TO DO: Leaving out every picture, copy the lines of the material below exactly, from the line containing "In this video, we'll" through the line containing "Hello everyone, assalamualaikum.".

SUPPLIED MATERIAL:
· · · · ·

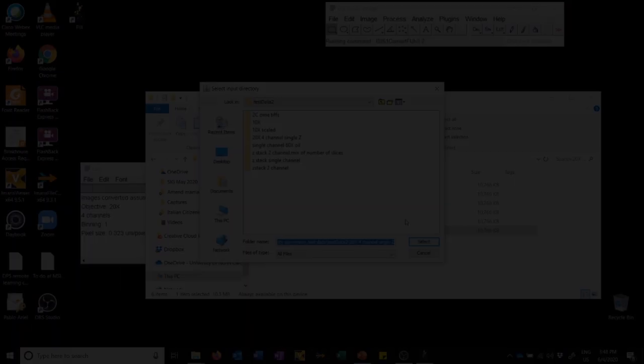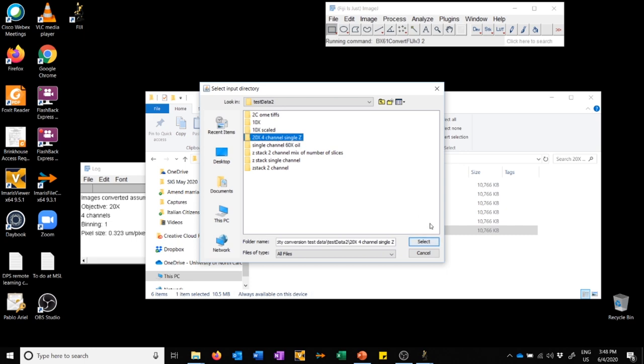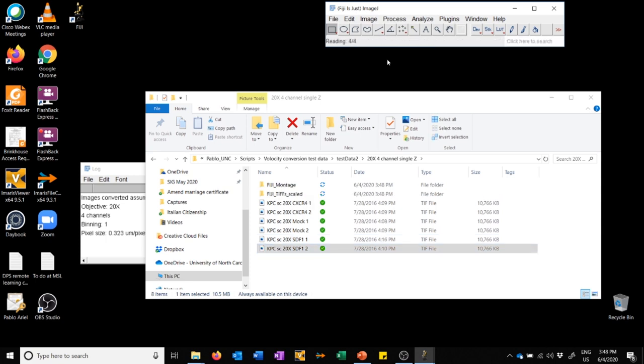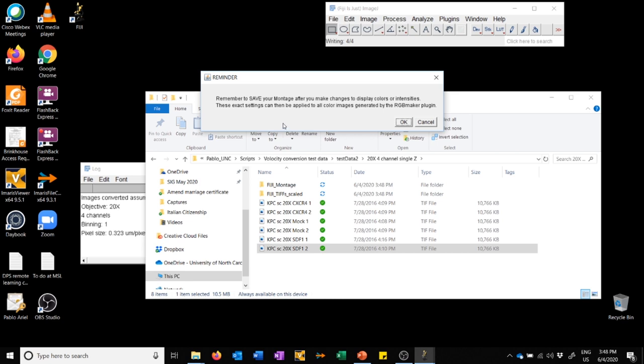The first thing the macro is going to do is ask us where the data we're interested in is. In this case we're interested in data in this folder, so I'm going to click on that and say select. Once I do that, the macro starts doing stuff, which you can see because there are numbers here and things happening. You can also see I have the particular folder here, and it created subfolders. Then it gives us a reminder: remember to save your montage after you make changes to display colors or intensities, and these settings will be applied to all color images generated by RGB Maker plugin, which is the next plugin we're going to use. So I'm going to say OK.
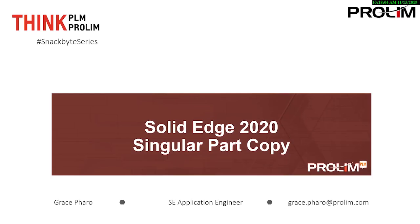Hello everyone, this is Grace Farrow, a Solid Edge Applications Engineer here at ProLim PLM, and today we're going to go over singular part copy.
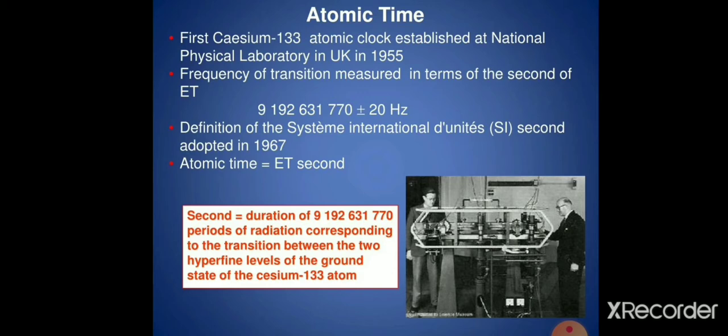To measure time accurately, an atomic clock called the cesium-133 clock was established at the National Physical Laboratory in UK in 1955. As we had seen in the first part of this chapter, the definition of one second was framed by measuring the time of this atomic clock made out of cesium.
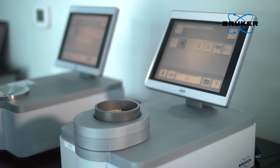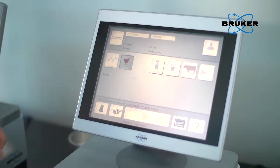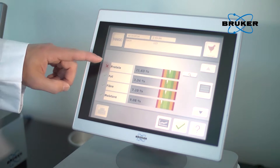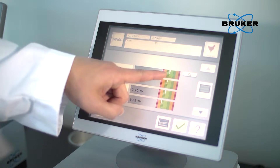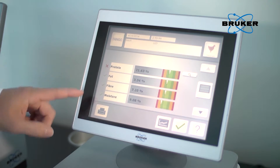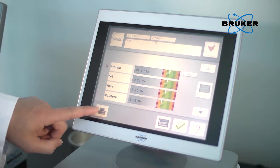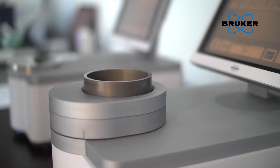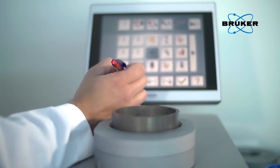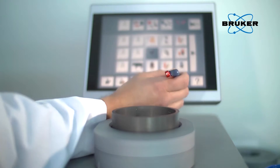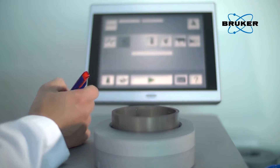After approximately 15 to 30 seconds, the measurement is complete. The result view shows the quality of the analyzed product immediately. With one last push of a button, the stored result can be exported by USB at any time. With the Tango, we've addressed ease of use through the introduction of a capacitive touchscreen interface driven by an icon-based software.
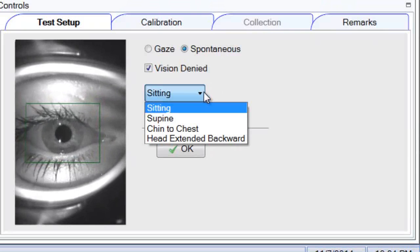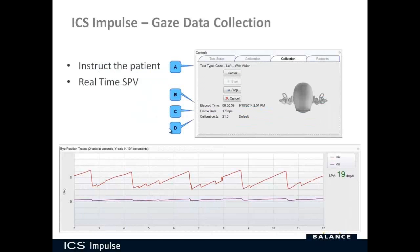During data collection, first instruct the patient and tell them what you're going to have them do. If you're using head position feedback, center the head and then ask them to look left or right — you can tell if the head is moving from the head position feedback. Start the test, and you can stop it manually or set the desired duration in test options so it automatically stops and goes to analysis once that time is met.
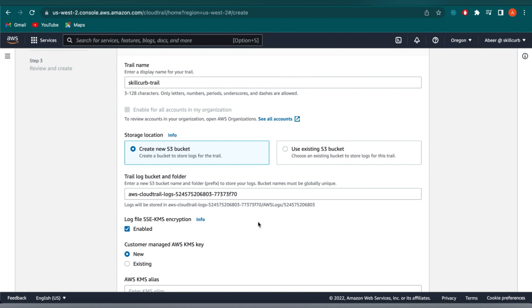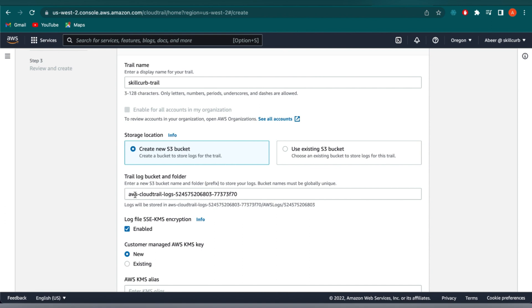So here we can either create a new S3 bucket or say no and select an existing bucket that we have. For this demonstration, I'm going to create a new bucket. CloudTrail will apply all the correct bucket policy permissions to allow the CloudTrail to deliver the logs to that bucket. So let's give this bucket a name. I'll just add SC at the beginning and keep the rest name same.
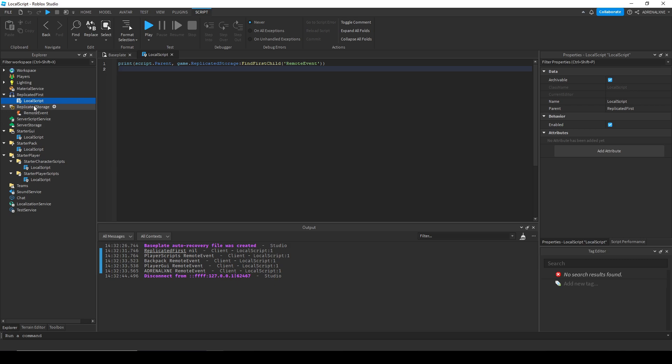So that is how the replication queue works. Now you can use this for a variety of things. One, you don't have to check if the game is loaded in any sort of local script that is not in replicated first, so that is one major thing. And then the next thing you can look out for is how these local scripts can interact with each other.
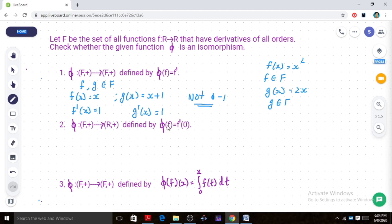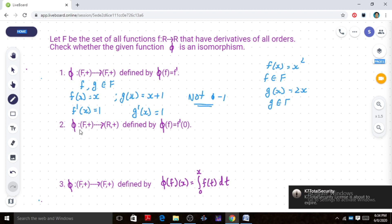Now consider the second example: phi from F+ to R+ where phi of f is equal to f prime of 0 — that is, we evaluate the derivative at zero to get a real number. So phi maps the set of functions to R, and we define phi from F+ to R+.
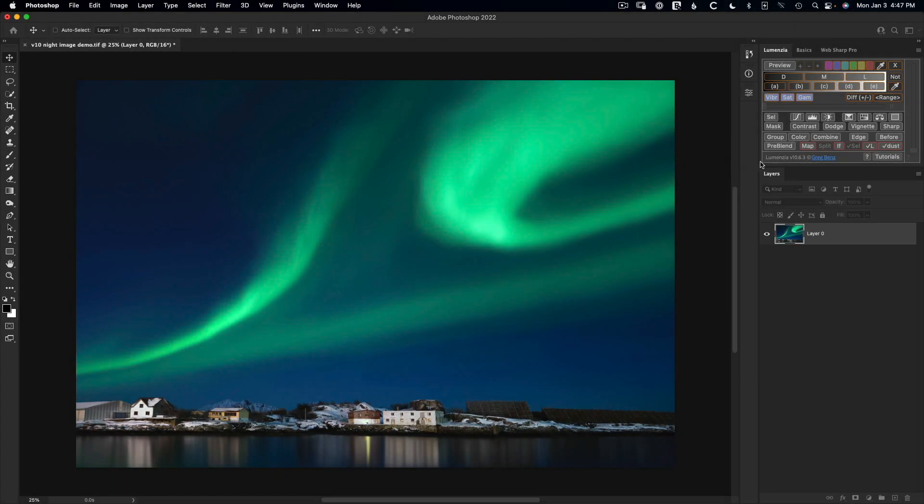In this video, we'll explore some ways you can use Lumenzia version 10 to edit your images. But before we get to the actual edit, I want to quickly address some questions I've heard around the interface.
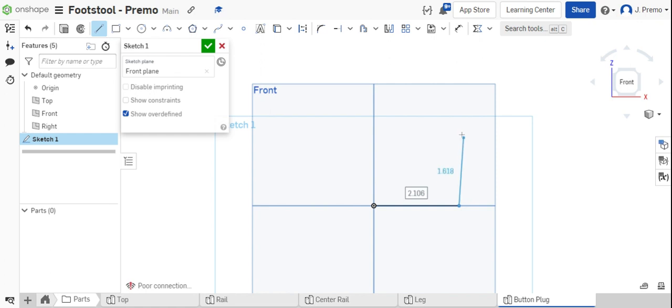Make sure the horizontal icon is showing on the line while you're drawing so you know that it's horizontal. Then draw a vertical line and another horizontal line.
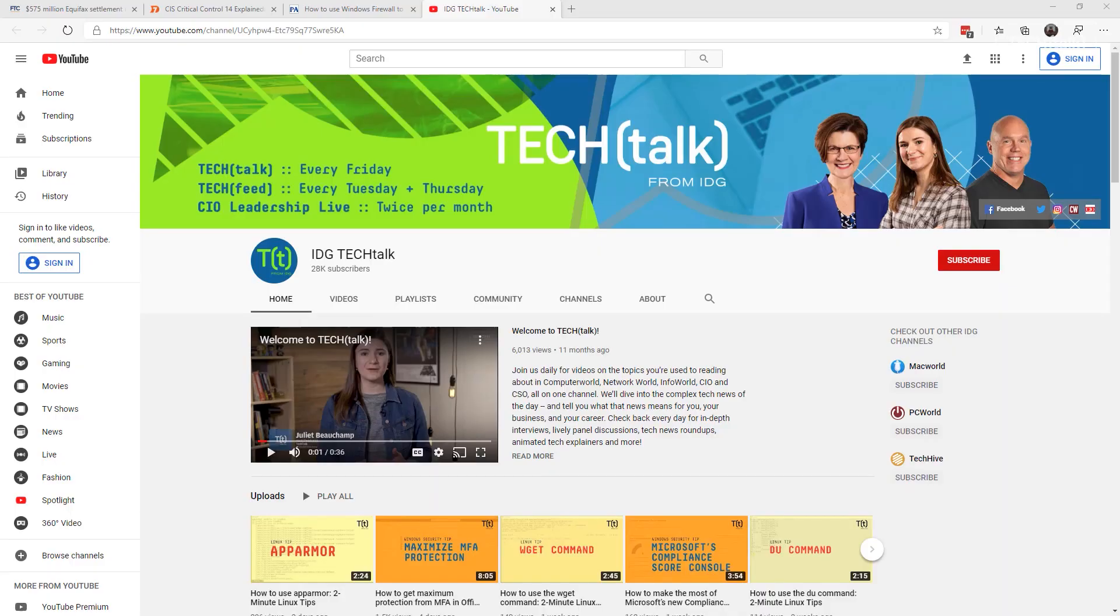And as we start 2020, don't forget to sign up for tech talk from IDG, with lots of tips on Windows and Linux, and all sorts of news for the tech of the day. Again, this is Susan Bradley for CSO Online. Thank you again.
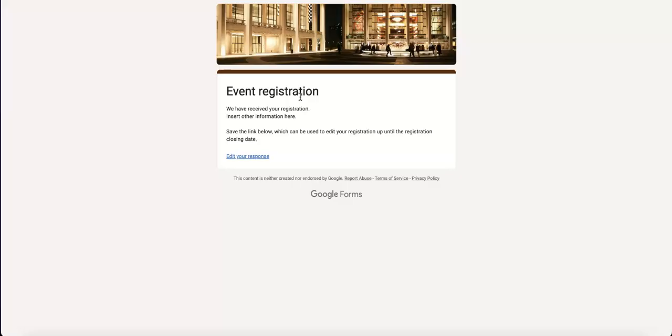Hopefully this helps you better manage your Google Forms. Be sure to like and subscribe. If you need more help with online forms, check out the rest of our channel using the link below. See you next time.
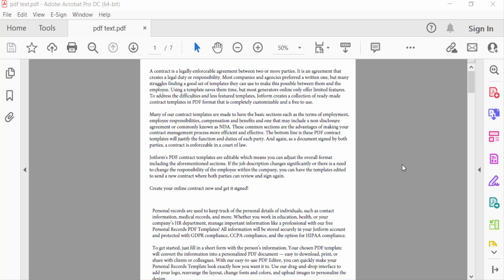Hello everyone, assalamualaikum. In this PDF tutorial today, I'll show you how to save a PDF file as an image using Adobe Acrobat Pro DC. So let's get started.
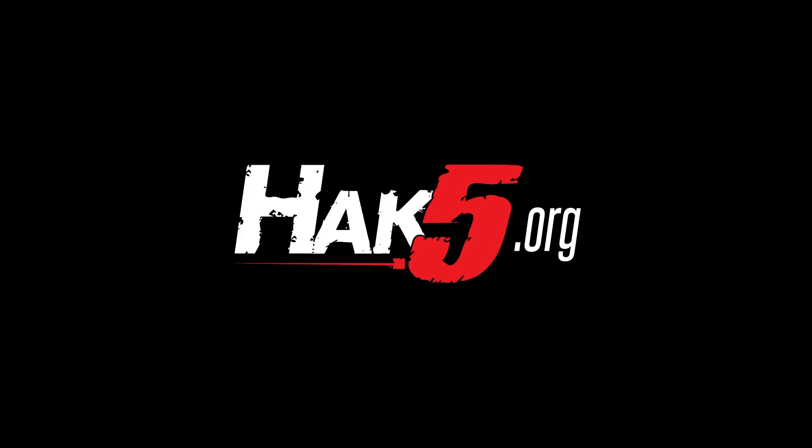As always, thank you for watching, and we'll see you next time on Hack5. Thanks for supporting Hack5. Find all our shows, community, and pen test products at Hack5.org.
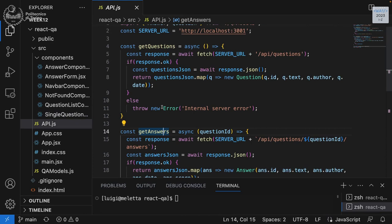We made all of this work for getting information from the server with GET requests — get questions and get answers. Now we can try to add the three missing operations, which are all POST or PUT. Which are the three missing operations? Edit an answer, vote up, and add an answer.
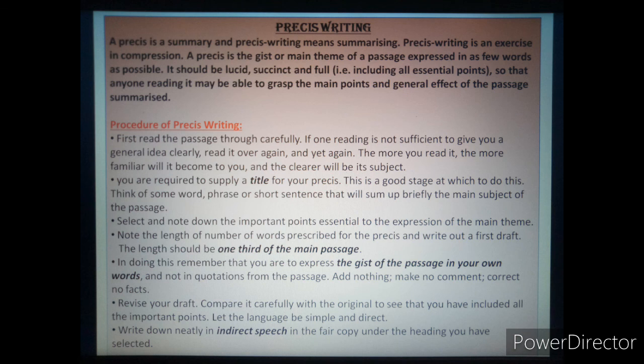We will look at the procedure of pressy writing. These are the steps that we should remember for writing a pressy. The first step is: first, you read the passage through carefully. If one reading is not sufficient to give you a general idea clearly, read it over again and yet again. The more you read it, the more familiar will it become to you and the clearer will be its subject.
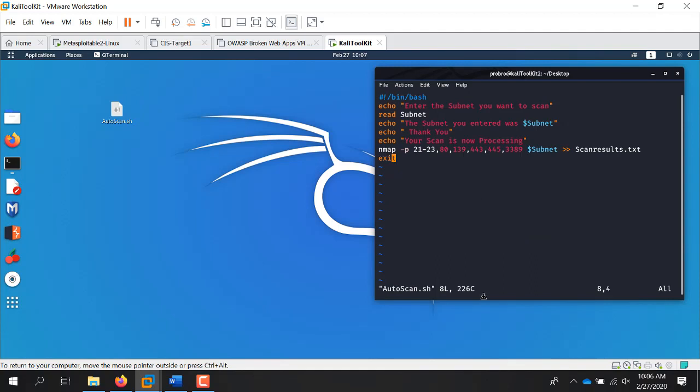This is the entire script, and it hits all the parameters that you need. You start the script out with the bash shebang, then I do a simple echo: 'Enter the subnet you want to scan.' If you hardcoded the subnet directly in the NMAP command and then need to move to a different subnet, you'd have to go back into your script — what's the point? You want to automate this as much as you can.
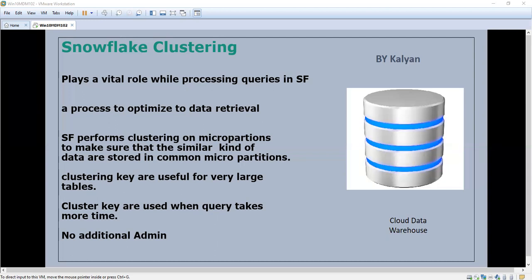Snowflake maintains clustering metadata for the micropartitions. The metadata includes the total number of micropartitions that comprise the table, overlapping details, and the depth of the overlapping. In the next video we will see a diagram that will help us easily understand how data spreads among micropartitions and how clustering helps reduce the overlapping.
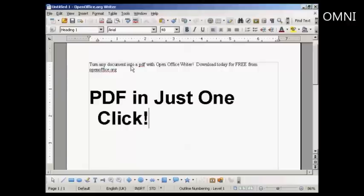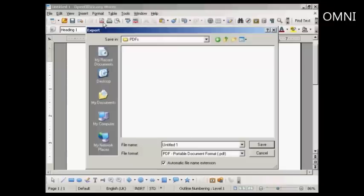All you have to do is come up here to the main toolbar and click on the PDF icon. This window opens up. We just need to give our PDF a name — let's call it Example — and then click on Save.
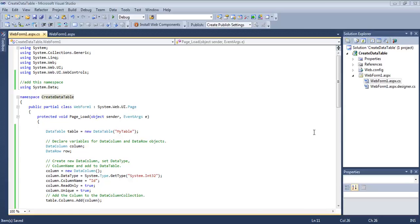Hey guys, welcome to Illogical Humor. Today we will create a DataTable object in C# from scratch and display it in a GridView.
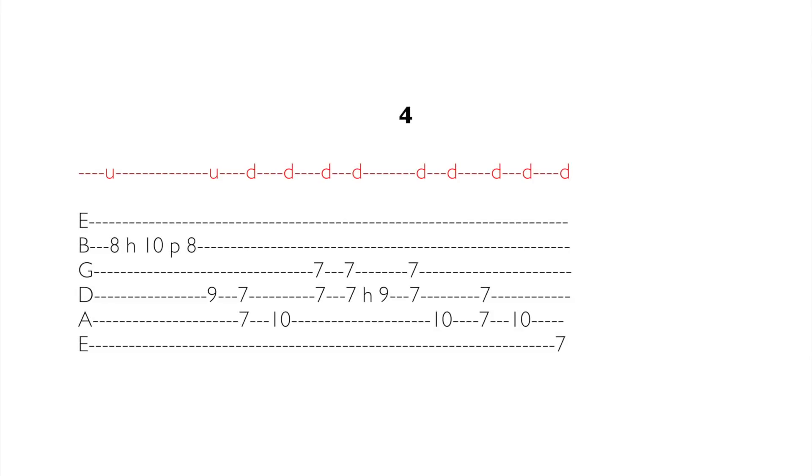Podstawą tej figury jest akord E7-9. Stanowi on bazę wypadową dla całej zagrywki.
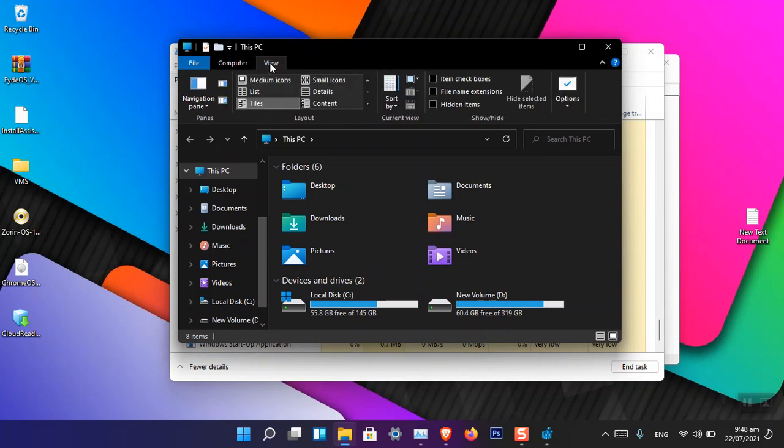Now you can see that the Windows 10 ribbon is here. You can do whatever with it you want. So it is the Windows 10 or basically the ribbon from Windows 8 available here.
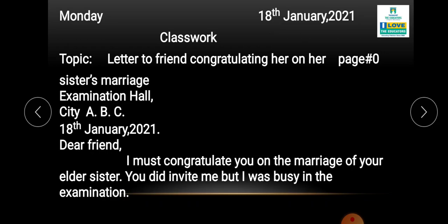First you will write 'Examination Hall,' then you will write 'City ABC,' then write the date, which is 18th January 2021, and then you will write 'Dear Friend.'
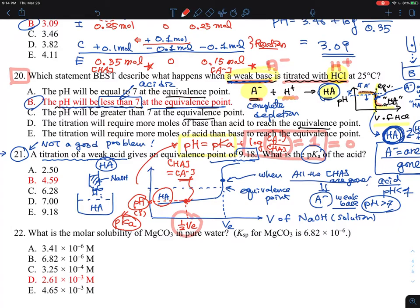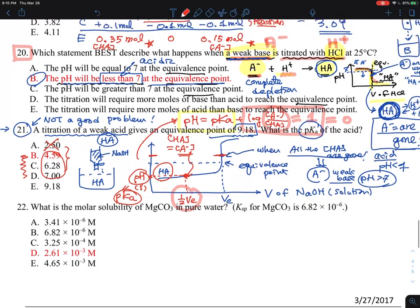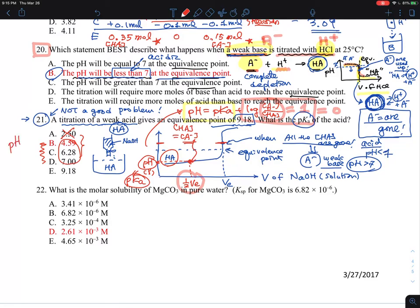Unfortunately, the problem only gives the equivalence point pH of 9.8 and doesn't tell us the pH at the halfway point, so we can't determine the exact pKa. The take-home message for problem 21: pH equals pKa at the half-equivalence point, where the volume is halfway to the equivalence volume, and where you have equal concentrations of HA and A⁻.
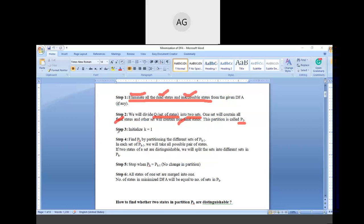According to Step 3, we initialize K equal to 1. In Step 4, we find PK by partitioning the different sets of PK minus 1. For example, with K equal to 1, we find P1 by partitioning the sets of P0. From Step 2 we got P0, then we increment K by 1 and find P1 by partitioning the different sets of P0.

· · · · ·

FINAL ANSWER:
In this video, we'll explore some ways you can use Lumenzia version 10 to edit your images. But before we get to the actual edit, I want to quickly address some questions I've heard around the interface.
Make sure the horizontal icon is showing on the line while you're drawing so you know that it's horizontal. Then draw a vertical line and another horizontal line.
And as we start 2020, don't forget to sign up for tech talk from IDG, with lots of tips on Windows and Linux, and all sorts of news for the tech of the day. Again, this is Susan Bradley for CSO Online. Thank you again.
Hopefully this helps you better manage your Google Forms. Be sure to like and subscribe. If you need more help with online forms, check out the rest of our channel using the link below. See you next time.
Hello everyone, assalamualaikum. In this PDF tutorial today, I'll show you how to save a PDF file as an image using Adobe Acrobat Pro DC. So let's get started.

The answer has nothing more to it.